Some headlines from today’s Q1 update:

  • Like-for-like revenue +2.9% at constant exchange rates.

  • Total revenue +3.5% at constant exchange rates.

  • Like-for-like occupancy 75.9% (Q1 last year: 74.5%).

  • Like-for-like average store rate £29.88, down 0.6% year-on-year.

It’s all very stable, even unexciting. But I suppose many REIT investors are trying to avoid fireworks.

CEO comment refers to the “improving trajectory” in UK occupancy, with “strong domestic demand”.

There has been >30% growth in revenues from “Expansion markets” (Spain, Netherlands, Belgium) but they are starting from a low base.

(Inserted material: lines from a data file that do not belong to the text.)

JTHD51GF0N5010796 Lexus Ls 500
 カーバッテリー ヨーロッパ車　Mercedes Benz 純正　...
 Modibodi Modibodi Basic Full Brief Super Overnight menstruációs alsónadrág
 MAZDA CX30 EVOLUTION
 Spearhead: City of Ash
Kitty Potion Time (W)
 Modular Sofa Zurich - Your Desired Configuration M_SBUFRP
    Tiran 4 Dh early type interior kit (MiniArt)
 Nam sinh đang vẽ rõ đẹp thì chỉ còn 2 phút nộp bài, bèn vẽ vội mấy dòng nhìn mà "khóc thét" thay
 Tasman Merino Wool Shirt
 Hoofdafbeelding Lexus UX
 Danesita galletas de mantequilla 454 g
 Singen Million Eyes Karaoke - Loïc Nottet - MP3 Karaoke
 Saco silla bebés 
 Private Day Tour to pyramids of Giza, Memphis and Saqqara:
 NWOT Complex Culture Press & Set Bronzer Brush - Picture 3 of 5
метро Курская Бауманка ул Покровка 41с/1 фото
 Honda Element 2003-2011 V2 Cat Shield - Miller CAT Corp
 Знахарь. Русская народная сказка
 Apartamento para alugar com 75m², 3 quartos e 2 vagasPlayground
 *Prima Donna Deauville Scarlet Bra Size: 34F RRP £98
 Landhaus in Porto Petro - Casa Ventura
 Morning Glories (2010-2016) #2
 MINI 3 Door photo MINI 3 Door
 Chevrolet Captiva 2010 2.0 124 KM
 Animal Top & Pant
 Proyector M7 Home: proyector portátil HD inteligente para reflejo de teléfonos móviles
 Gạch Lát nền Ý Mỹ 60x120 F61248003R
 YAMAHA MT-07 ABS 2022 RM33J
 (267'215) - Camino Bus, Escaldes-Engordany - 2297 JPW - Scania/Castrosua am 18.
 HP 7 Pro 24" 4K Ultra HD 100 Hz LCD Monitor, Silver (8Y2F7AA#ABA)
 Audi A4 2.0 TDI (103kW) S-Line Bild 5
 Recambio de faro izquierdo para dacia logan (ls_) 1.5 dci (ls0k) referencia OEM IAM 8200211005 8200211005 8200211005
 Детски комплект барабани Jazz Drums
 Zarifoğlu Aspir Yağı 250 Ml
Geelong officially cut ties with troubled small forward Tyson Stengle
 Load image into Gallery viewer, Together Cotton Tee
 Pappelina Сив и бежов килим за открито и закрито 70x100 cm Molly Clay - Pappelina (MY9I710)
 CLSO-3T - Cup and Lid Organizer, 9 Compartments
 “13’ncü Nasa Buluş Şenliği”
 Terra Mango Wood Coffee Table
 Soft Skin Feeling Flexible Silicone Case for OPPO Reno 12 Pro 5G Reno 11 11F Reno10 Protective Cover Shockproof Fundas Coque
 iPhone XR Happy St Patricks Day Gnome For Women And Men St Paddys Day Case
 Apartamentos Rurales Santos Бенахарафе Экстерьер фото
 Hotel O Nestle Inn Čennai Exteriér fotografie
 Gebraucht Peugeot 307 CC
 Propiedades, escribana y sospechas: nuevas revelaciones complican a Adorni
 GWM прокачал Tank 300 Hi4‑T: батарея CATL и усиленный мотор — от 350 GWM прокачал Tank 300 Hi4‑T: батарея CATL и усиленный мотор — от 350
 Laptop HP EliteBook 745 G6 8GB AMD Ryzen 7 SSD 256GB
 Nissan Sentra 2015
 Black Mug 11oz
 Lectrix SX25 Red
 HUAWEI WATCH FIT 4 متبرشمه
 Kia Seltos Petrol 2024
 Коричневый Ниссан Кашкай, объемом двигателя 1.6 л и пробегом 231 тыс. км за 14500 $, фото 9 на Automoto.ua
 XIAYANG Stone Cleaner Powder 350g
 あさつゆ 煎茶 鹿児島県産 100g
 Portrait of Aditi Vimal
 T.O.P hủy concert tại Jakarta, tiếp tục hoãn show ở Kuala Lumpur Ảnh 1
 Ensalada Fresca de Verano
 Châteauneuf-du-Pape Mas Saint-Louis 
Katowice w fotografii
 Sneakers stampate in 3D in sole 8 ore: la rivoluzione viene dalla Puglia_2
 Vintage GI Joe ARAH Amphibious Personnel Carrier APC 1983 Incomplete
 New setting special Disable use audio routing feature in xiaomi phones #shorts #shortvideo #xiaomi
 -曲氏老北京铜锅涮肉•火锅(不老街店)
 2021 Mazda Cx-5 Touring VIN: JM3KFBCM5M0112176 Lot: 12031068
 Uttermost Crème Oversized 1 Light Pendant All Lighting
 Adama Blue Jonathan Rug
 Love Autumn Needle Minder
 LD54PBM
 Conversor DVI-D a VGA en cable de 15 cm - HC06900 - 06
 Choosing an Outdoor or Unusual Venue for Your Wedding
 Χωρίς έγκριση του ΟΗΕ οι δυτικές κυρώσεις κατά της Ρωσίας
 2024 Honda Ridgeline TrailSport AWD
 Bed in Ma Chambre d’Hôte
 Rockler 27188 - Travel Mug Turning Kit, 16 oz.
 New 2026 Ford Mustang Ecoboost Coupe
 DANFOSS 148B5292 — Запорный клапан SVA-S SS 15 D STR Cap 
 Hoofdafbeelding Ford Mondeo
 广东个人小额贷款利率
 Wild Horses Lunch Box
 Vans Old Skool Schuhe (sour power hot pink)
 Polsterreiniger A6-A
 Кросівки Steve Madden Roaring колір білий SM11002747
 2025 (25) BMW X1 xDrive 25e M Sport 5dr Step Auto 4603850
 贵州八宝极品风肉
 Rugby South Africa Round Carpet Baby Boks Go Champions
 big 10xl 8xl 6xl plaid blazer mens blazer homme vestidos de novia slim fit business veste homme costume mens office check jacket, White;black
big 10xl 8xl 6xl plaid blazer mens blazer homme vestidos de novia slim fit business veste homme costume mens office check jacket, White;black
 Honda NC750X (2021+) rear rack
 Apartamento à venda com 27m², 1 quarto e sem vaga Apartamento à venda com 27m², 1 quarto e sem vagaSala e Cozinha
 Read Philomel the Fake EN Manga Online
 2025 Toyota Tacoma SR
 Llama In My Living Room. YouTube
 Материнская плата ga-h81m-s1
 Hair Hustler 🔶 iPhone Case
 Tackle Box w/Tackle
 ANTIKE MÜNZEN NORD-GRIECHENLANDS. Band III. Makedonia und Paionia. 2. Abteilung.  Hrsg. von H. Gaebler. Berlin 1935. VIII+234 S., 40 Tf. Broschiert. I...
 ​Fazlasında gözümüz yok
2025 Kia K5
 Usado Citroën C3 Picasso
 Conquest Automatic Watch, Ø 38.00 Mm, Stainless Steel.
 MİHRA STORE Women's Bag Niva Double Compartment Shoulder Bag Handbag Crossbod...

I think they account for less than 10% of total revenues.

We continue to make progress in opening our pipeline of stores in line with the programme we disclosed in January with six new stores and an extension opening in the quarter, adding over 300,000 sq ft of MLA [maximum lettable area] to the portfolio. Our future development pipeline includes a further seven stores projected to open this year, with a total 8% increase in MLA projected for the year.

I guess the 8% increase in lettable area help should support the total forecast revenue growth.

Graham’s view

I’ll tentatively go AMBER/GREEN on this due to EPRA (real estate) net tangible assets per share of 1,091p as of year-end, October 2024.

Net debt was very significant at £900m. However, the LTV ratio was only 25%, and “the Board considers the current level of gearing is appropriate for the business” (according to the results published in January).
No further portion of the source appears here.